Why my Pickled class giving me AttributeError: Can't get attribute 'MyClass'?


I tried running this in 2 different computer, but whenever I tried to load the pickle file, I get: AttributeError: Can't get attribute 'MyClass'

I'm trying to understand what am I doing wrong or if I have a wrong understanding of what pickle do? How can I fix it?

I wonder why SKLearn works when I just call xyz.fit(data) and it works after loading the pickle meanwhile my code calling xyz.add_one(5) gave me an error?

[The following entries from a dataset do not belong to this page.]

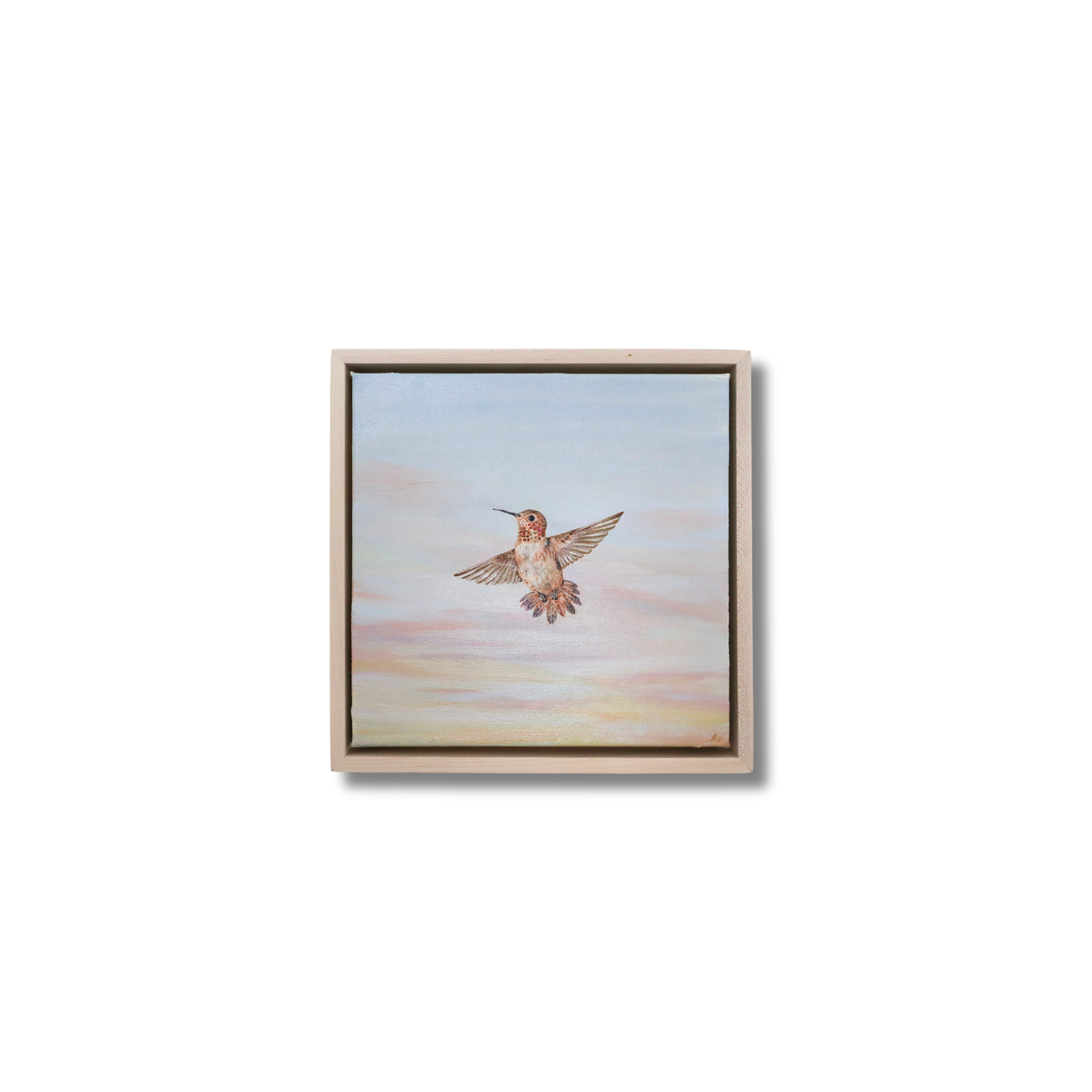 Rufous Hummingbird at Sunrise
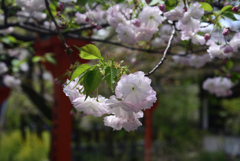 220412b平野神社17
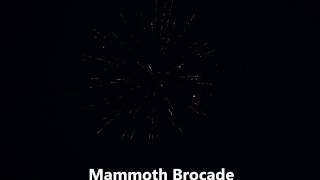 Mammoth Brocade - American Fireworks Company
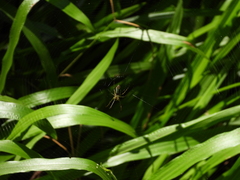Leucauge celebesiana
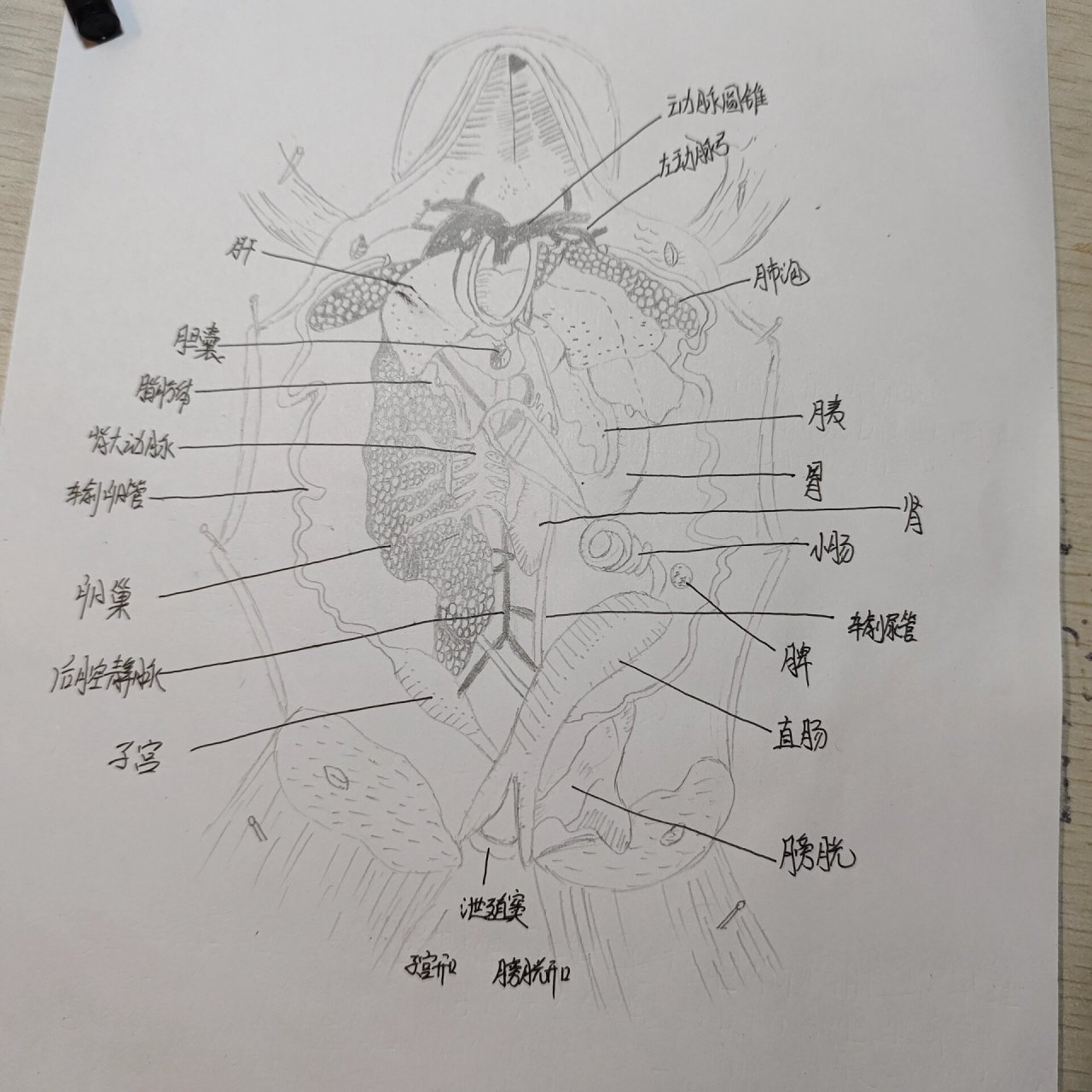 青蛙内脏解剖手绘图图片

MY OWN Class: Creating Pickle:

import base64
import pickle

class MyClass:
    def add_one(self, x):
        return x + 1

obj = MyClass()

add_one = obj

pickled_data = pickle.dumps(add_one)

encoded_data = base64.b64encode(pickled_data)

with open("some_location.txt", "wb") as f:
    f.write(encoded_data)

Loading Pickle in another computer:

import base64
import pickle

# Read the encoded data from the file
with open("some_location.txt", "rb") as f:
    encoded_data = f.read()

pickled_data = base64.b64decode(encoded_data)

loaded = pickle.loads(pickled_data)

result = loaded.add_one(5)  
print(result)  # Output: 6
# Errored out: AttributeError: Can't get attribute 'MyClass'

Meanwhile, when I try to do this using SKlearn, I was able to call methods saved in class without issue. Example:

from sklearn import svm
from sklearn import datasets
import pickle

iris = datasets.load_iris()
X, y = iris.data, iris.target

clf = svm.SVC()
clf.fit(X, y)  

with open("/dbfs/FileStore/tables/tmp/test.txt",'wb') as f:
    pickle.dump(clf,f)

In a separate computer:

import pickle

X = [[5.1, 3.5, 1.4, 0.2],
 [4.9, 3,  1.4, 0.2],
 [4.7, 3.2, 1.3, 0.2],
 [4.6, 3.1, 1.5, 0.2],
 [5,  3.6, 1.4, 0.2]]

with open('/dbfs/FileStore/tables/tmp/test.txt', 'rb') as f:
    clf2 = pickle.load(f)


print(clf2.predict(X[0:5]))

Solution

  • The full error output is helpful here. If we put the first script in t.py and the second in y.py then running the one after the other we get:

    Traceback (most recent call last):
      File "<frozen runpy>", line 198, in _run_module_as_main
      File "<frozen runpy>", line 88, in _run_code
      File "/private/tmp/tmpvenv-ec8f9/y.py", line 10, in <module>
        loaded = pickle.loads(pickled_data)
                 ^^^^^^^^^^^^^^^^^^^^^^^^^^
    AttributeError: Can't get attribute 'MyClass' on <module 'y' from '/private/tmp/tmpvenv-ec8f9/y.py'>
    

    The last line shows us that Python is trying to rehydrate the objects and is looking for a MyClass type to use to recreate the obj. So it's looking for that class in the file we're running (on <module 'y' from '/private/tmp/tmpvenv-ec8f9/y.py'>). But, of course, MyClass doesn't exist.

    The problem here is that the object that is being pickled has a type that cannot be found when we try to load it again. The code is likely working for you when you pickle a sklearn.SVC instance because you have that library installed in both environments, so it is always available when you load the pickled object. (Can you confirm that?)


    We can make this work (although possibly with surprising results) by adding a MyClass to y.py. If we add in:

      import base64
      import pickle
    
    + class MyClass:
    +     def add_one(self, x):
    +         return x + 10
    
    
      # Read the encoded data from the file
      with open("some_location.txt", "rb") as f:
          encoded_data = f.read()
    
      pickled_data = base64.b64decode(encoded_data)
    
      loaded = pickle.loads(pickled_data)
    
      result = loaded.add_one(5)
      print(result)
    

    Then when we run it we get:

    $ python -m y
    15
    

    Loading the pickled object has been brought back but with the MyClass type defined in y.py, which does something different to the original!